In conclusion, this hypothesis-generating study suggests that SARS-CoV-2 transmission between students and the surrounding community was substantial, yet complex. This underscores the need for integrated genomic surveillance to enable targeted interventions; coordinated intervention strategies between universities, hospitals, and local public health departments through shared communication to identify early overlap events; and data-driven public health policies that guide isolation and quarantine practices to prevent transmission between the two populations.
Supplementary material
The supplementary material for this article can be found at https://doi.org/10.1017/ash.2026.10307.

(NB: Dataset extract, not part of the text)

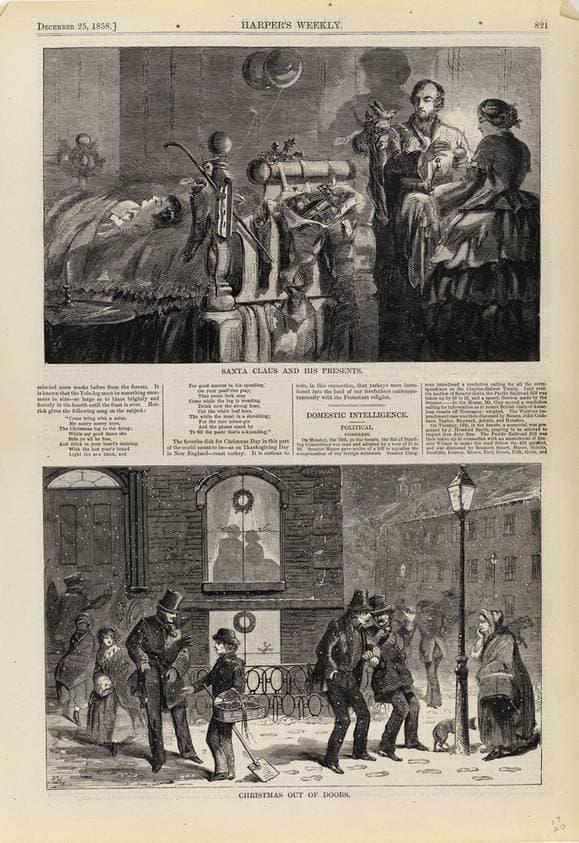 Santa Claus and His presents/Christmas Out of Doors, from Harper's Weekly, December 25, 1858, p. 821 — Winslow Homer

Data availability statement
The NCBI, GISAID, and SRA accession numbers for the respiratory viral genomes used in this study can be found in Supp. Table 1. Sequence data can be found at NCBI BioProject PRJNA1337675.
Acknowledgements
We are grateful to Ms. Melissa McCullough, UPMC Clinical Microbiology/Virology lab, for helping with SARS-CoV-2 specimen collection. We also appreciate Dr. Jane Marsh’s support in conceptualizing the study design.
Author contributions
VRS: Conceptualization, Methodology, Analysis, Data Curation, Visualization, Project Administration, Writing - Original Draft, Writing - Review and Editing MPG: Data Curation, Analysis, Writing - Review and Editing KAS: Data Curation, Writing - Review and Editing HC: Data Curation and Visualization, Writing - Review and Editing NJR: Data Curation and Visualization, Writing - Review and Editing KDW: Data Curation, Writing - Review and Editing TP: Data Curation, Writing - Review and Editing GMS: Conceptualization, Writing - Review and Editing LLP: Conceptualization, Resources, Project administration, Writing - Review and Editing DVT: Conceptualization, Methodology, Supervision and Writing - Review and Editing AJS: Conceptualization, Methodology, Analysis, Supervision, Writing - Review and Editing EMM: Conceptualization, Methodology, Data Curation, Supervision, Funding acquisition, Writing - Review and Editing LHH: Conceptualization, Methodology, Analysis, Resources, Data Curation, Writing - Original Draft, Writing - Review and Editing, Supervision, Project administration and Funding acquisition
Financial support
This work was funded by the National Institute of Allergy and Infectious Diseases, National Institutes of Health (NIH) (R01AI127472) and internal funding from the University of Pittsburgh and UPMC. NIH, University of Pittsburgh, and UPMC played no role in data collection, analysis, or interpretation; study design; writing of the manuscript; or decision to submit for publication.
Competing interests
LHH serves on the scientific advisory board of Next Gen Diagnostics. AJS is a consultant for Next Gen Diagnostics. LPP reports grant funding from AstraZeneca. Neither company had a role in the study design, data collection, analysis, interpretation, or writing of this manuscript. The other authors declare that there are no conflicts of interest, including financial interests, activities, relationships, and affiliations.
Ethical standard
Ethics approval was obtained from the University of Pittsburgh’s Institutional Review Board (STUDY22120012).